Your team enabled full source maps on the production bundle so on-call can debug live errors, and a security reviewer flagged it. How do you weigh the observability benefit against the security concern, and what would you actually ship?
technical-conceptual · Senior level · software-engineering
What the interviewer is really asking
Assesses whether the candidate can navigate a real build-configuration trade-off between debuggability and exposure, landing on a concrete configuration rather than an absolute yes/no.
What to say
- State the genuine value: source maps map minified stack traces back to readable code, so production errors in your monitoring tool are actionable instead of pointing at column 4 of a minified line.
- State the exposure: publicly served maps hand anyone your original source, folder structure, comments, internal API shapes, and feature flags, which has caused real incidents when .map files leaked.

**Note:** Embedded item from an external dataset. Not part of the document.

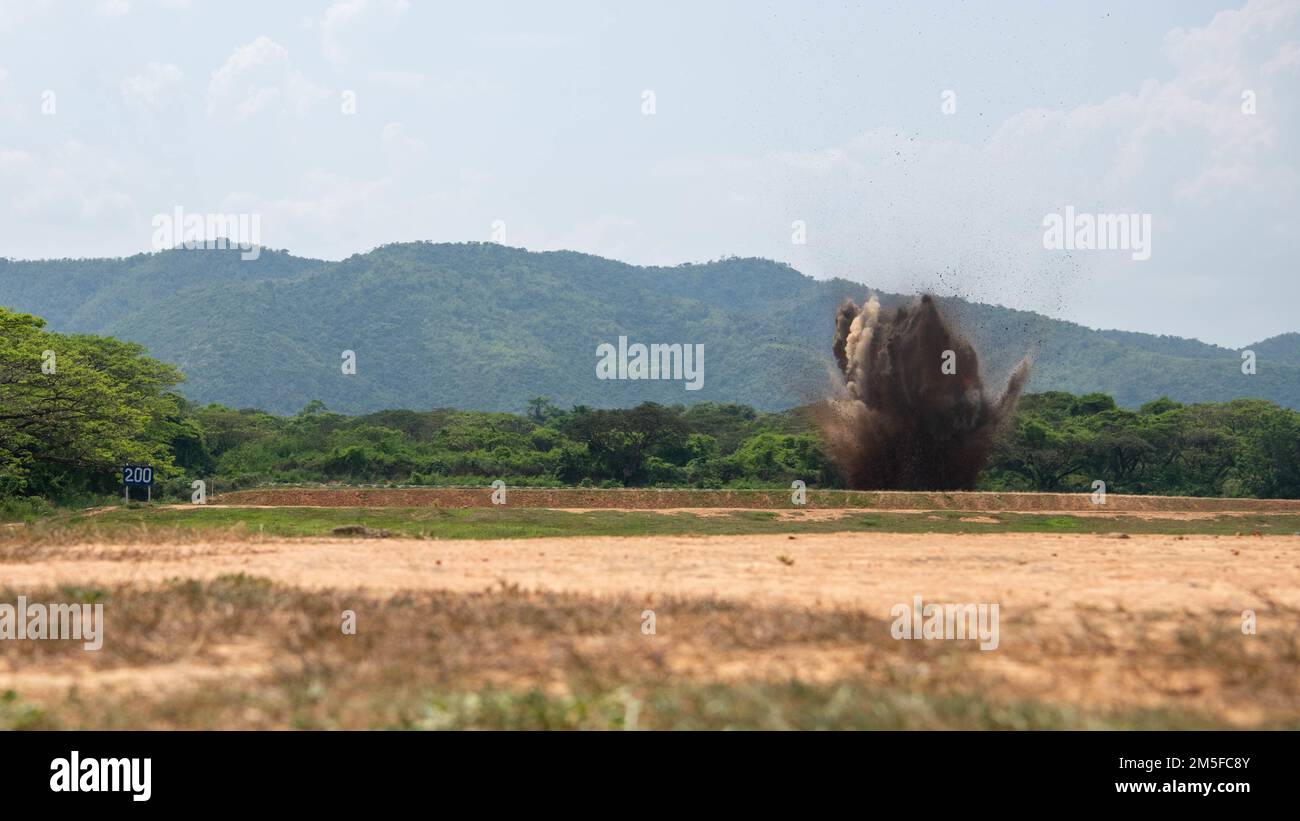 Le cariche di cratering esplodono simultaneamente come parte dell'addestramento di Sapper, 11 marzo 2022, Fort Thanarat. La leadership ha visitato l'addestramento al fuoco vivo, ha pranzato con le truppe che hanno partecipato all'addestramento nella giungla e ha osservato l'addestramento degli esplosivi di Sapper. Foto Stock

- Propose the practical middle ground: generate hidden source maps (no inline comment in the bundle) and upload them privately to the error-monitoring service or restrict them behind auth, so on-call gets readable traces while the public never downloads the maps, and consider stripping embedded source content.
What to avoid
- Treating it as binary: either ship full public maps or have no maps and lose all production debuggability.
- Assuming 'hidden' source maps are safe to deploy to a public directory, when attackers can still guess and fetch the .map filename unless access is blocked.
- Dismissing the security concern as paranoia, or conversely dismissing the on-call need without offering an alternative.
Example answers
Strong: Both sides are right, so I wouldn't pick one. Source maps make our error tool show real stack traces, which on-call genuinely needs. But serving them publicly exposes our whole source, and that's bitten companies when a stray .map file leaked. I'd generate hidden source maps so there's no comment pointing the browser at them, upload them privately to our monitoring provider, and make sure the build never deploys .map files to the public bucket so they can't be guessed and fetched.
Weak: Source maps are needed for debugging in production, so we should just keep them on. If security is worried we can revisit later, but on-call comes first and a leaked map isn't that big a deal.